**GIVEN INFORMATION:**
☆ ☆ ☆ ☆ ☆ ☆ ☆

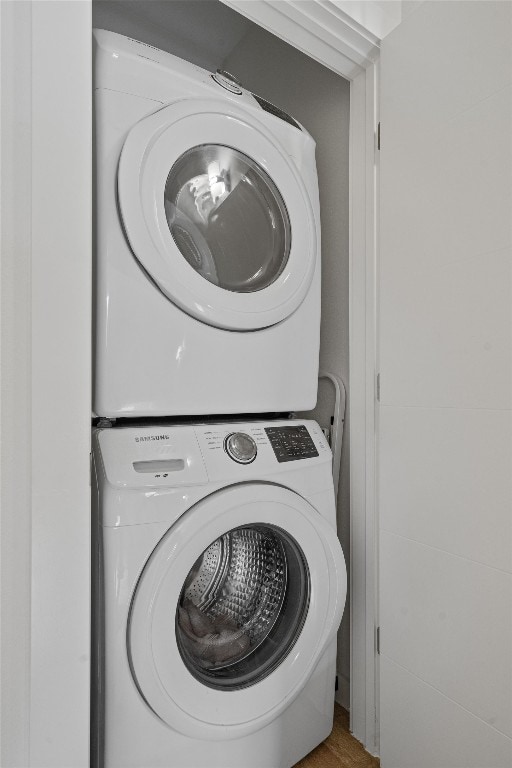 laundry area with stacked washer / drying machine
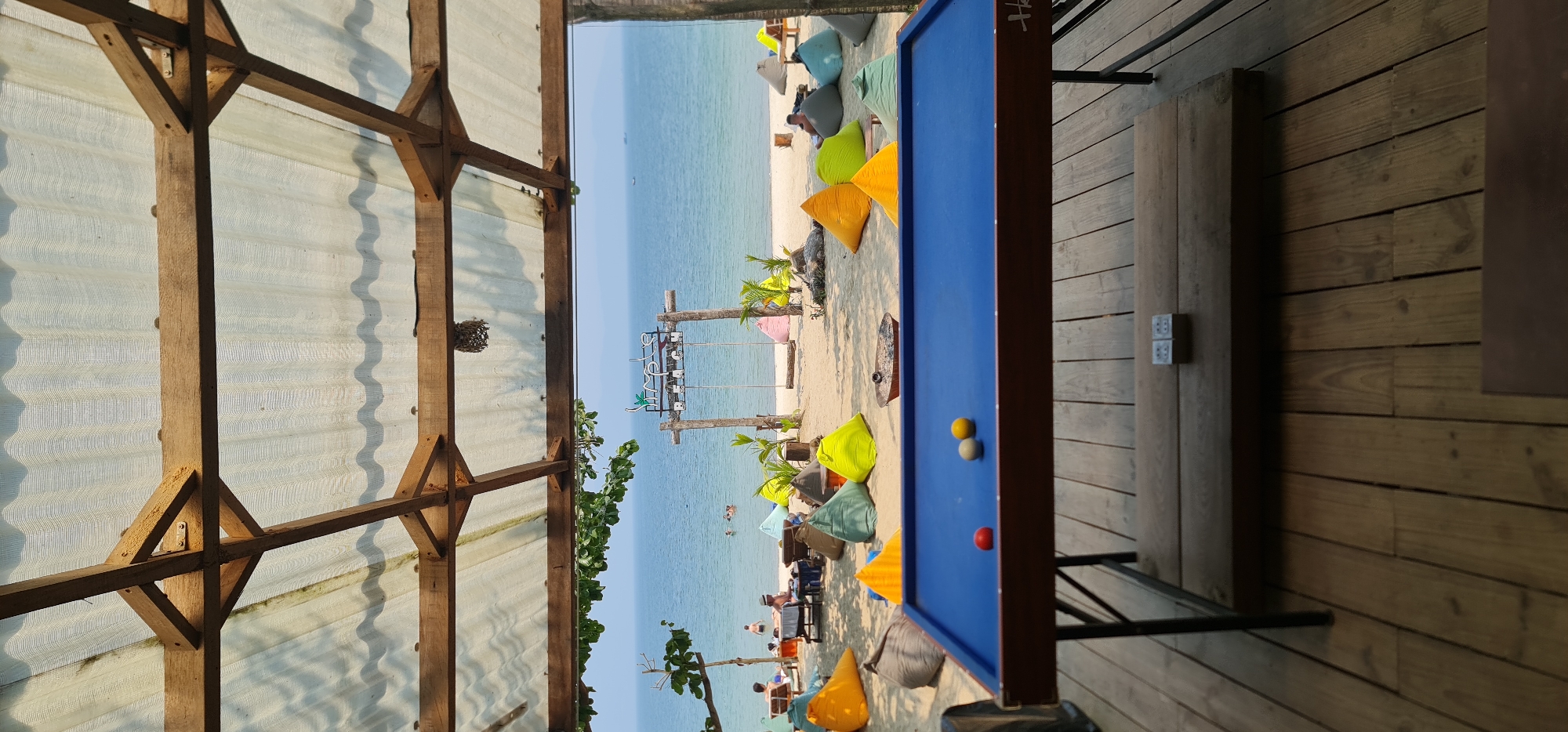 The image captures a beachside scene in Đà Nẵng, Vietnam, viewed from a partially covered structure. The structure has wooden beams and a translucent roof. Beyond this, the frame reveals a stretch of sandy beach with a clear, blue sea.
People are scattered across the beach, some sitting in colorful beanbag chairs and others wading in the water. Several trees and plants are interspersed along the beach. A decorative sign stands near the water's edge.
In the foreground, a blue billiard table stands on a wooden deck. Three billiard balls are visible on the table. The deck has an electrical outlet.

☆ ☆ ☆ ☆ ☆ ☆ ☆

**ABOUT THIS TASK:**
Transcribe the whole listing above exactly and leave out the pictures.

**SOLUTION TO THE PROBLEM:**
 laundry area with stacked washer / drying machine
 The image captures a beachside scene in Đà Nẵng, Vietnam, viewed from a partially covered structure. The structure has wooden beams and a translucent roof. Beyond this, the frame reveals a stretch of sandy beach with a clear, blue sea.
People are scattered across the beach, some sitting in colorful beanbag chairs and others wading in the water. Several trees and plants are interspersed along the beach. A decorative sign stands near the water's edge.
In the foreground, a blue billiard table stands on a wooden deck. Three billiard balls are visible on the table. The deck has an electrical outlet.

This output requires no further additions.